Die Experten für den einfachen Ausdruck nahmen sich eines volkstümlichen, aber eben nicht einfachen, bisweilen gar umstrittenen Themas an – sie übersetzten die Fußballregeln. Nun wurde das Regelwerk in leichter Sprache im Weserstadion präsentiert. Eine bundesweite Premiere.
„Inklusion spielt für uns eine Rolle“, sagte Werder-Präsident Klaus-Dieter Fischer. Die Lebenshilfe zähle zu den Partnern des Vereins im Bereich des sozialen Engagements. Fischer: „Wir wollen eine echte Kooperation.“ Und so könnten die Partner eben auch Ideen einbringen.

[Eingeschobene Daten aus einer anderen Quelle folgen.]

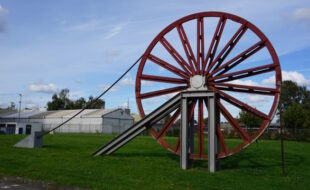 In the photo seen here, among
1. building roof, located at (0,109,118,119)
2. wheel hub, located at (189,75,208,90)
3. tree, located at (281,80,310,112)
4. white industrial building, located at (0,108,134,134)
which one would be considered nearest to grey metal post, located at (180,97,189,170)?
wheel hub, located at (189,75,208,90)

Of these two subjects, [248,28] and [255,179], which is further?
[248,28]

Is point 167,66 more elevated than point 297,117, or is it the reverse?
point 167,66

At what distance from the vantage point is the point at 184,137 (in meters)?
13.2

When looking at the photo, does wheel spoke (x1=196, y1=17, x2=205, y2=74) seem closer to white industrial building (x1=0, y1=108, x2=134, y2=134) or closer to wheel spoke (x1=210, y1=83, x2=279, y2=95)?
wheel spoke (x1=210, y1=83, x2=279, y2=95)

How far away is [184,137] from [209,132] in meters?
1.07

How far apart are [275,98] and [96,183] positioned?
303 inches

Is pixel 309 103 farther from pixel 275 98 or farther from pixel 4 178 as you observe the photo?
pixel 4 178

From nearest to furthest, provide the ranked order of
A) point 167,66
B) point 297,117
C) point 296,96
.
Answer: point 167,66 < point 297,117 < point 296,96

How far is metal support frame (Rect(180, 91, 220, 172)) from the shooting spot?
12609 mm

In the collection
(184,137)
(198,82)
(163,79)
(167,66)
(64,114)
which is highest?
(64,114)

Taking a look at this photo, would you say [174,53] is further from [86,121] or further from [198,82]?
[86,121]

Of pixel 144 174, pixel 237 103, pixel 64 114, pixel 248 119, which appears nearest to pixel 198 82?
pixel 237 103

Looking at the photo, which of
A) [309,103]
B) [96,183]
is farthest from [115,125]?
[96,183]

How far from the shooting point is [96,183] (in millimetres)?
9312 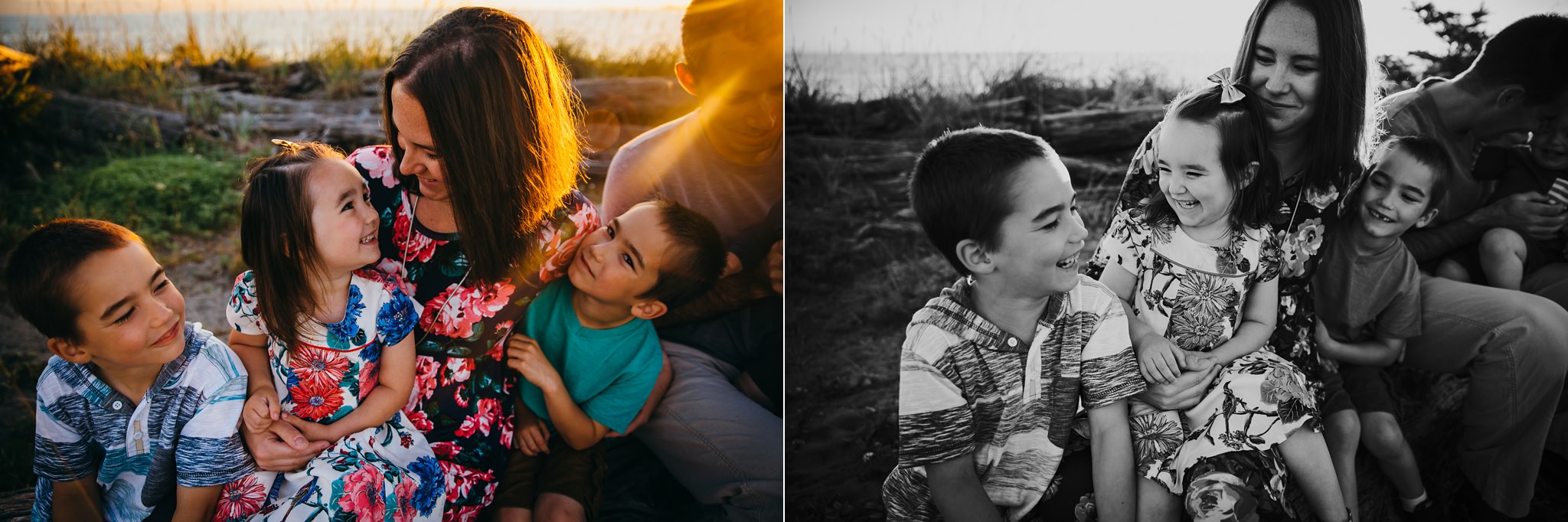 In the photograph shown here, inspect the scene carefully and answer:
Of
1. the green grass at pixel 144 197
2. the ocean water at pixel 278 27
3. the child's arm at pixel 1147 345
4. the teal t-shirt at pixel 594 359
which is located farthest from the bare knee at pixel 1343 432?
the green grass at pixel 144 197

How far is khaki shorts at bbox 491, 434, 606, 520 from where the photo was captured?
294cm

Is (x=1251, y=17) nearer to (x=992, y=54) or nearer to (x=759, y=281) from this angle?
(x=992, y=54)

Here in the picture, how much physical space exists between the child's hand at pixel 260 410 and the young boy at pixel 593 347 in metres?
0.62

Andreas Hoops, Geschäftsführer der Lebenshilfe, brachte die Idee ein, die zehn wichtigsten Fußballregeln in leichte Sprache zu übertragen: „Viele Menschen mit Beeinträchtigungen sind Fußballfans.“
Was aber sind die zehn wichtigsten Regeln? „Jeder hat eine andere Meinung“, so Übersetzer Volker Uhle vom Büro für leichte Sprache, das seinen Sitz in Bremen-Walle hat. In einem zweijährigen Prozess brachten die Partner – auch die Sepp-Herberger-Stiftung und die Bundesarbeitsgemeinschaft der Werkstätten für behinderte Menschen machten mit – das leichte Regelwerk auf den Weg. Das Ergebnis ist eine 48-Seiten-Broschüre im Din-A-5-Format, die den Praxistest bestanden hat: In einem Trainingslager für geistig und körperlich behinderte Kinder zum Beispiel, bei der Testleserin Nicole Papendorf (Lebenshilfe) und bei dem Bremer Bundesliga-Schiedsrichter Peter Gagelmann: „Die wesentlichen Dinge sind drin.“
Erklärt werden Begriffe wie Spielfeld, Spieler und Schiedsrichter, ebenso dabei sind Foul, Freistoß und Elfmeter. Die Abseitsregel fehlt natürlich auch nicht. Gerade bei ihr sind die Fotos hilfreich, die das Regelwerk in leichter Sprache illustrieren. Viele Bilder zeigen Werder-Spieler wie Sonja Dundon, Clemens Fritz und Torhüter Sebastian Mielitz.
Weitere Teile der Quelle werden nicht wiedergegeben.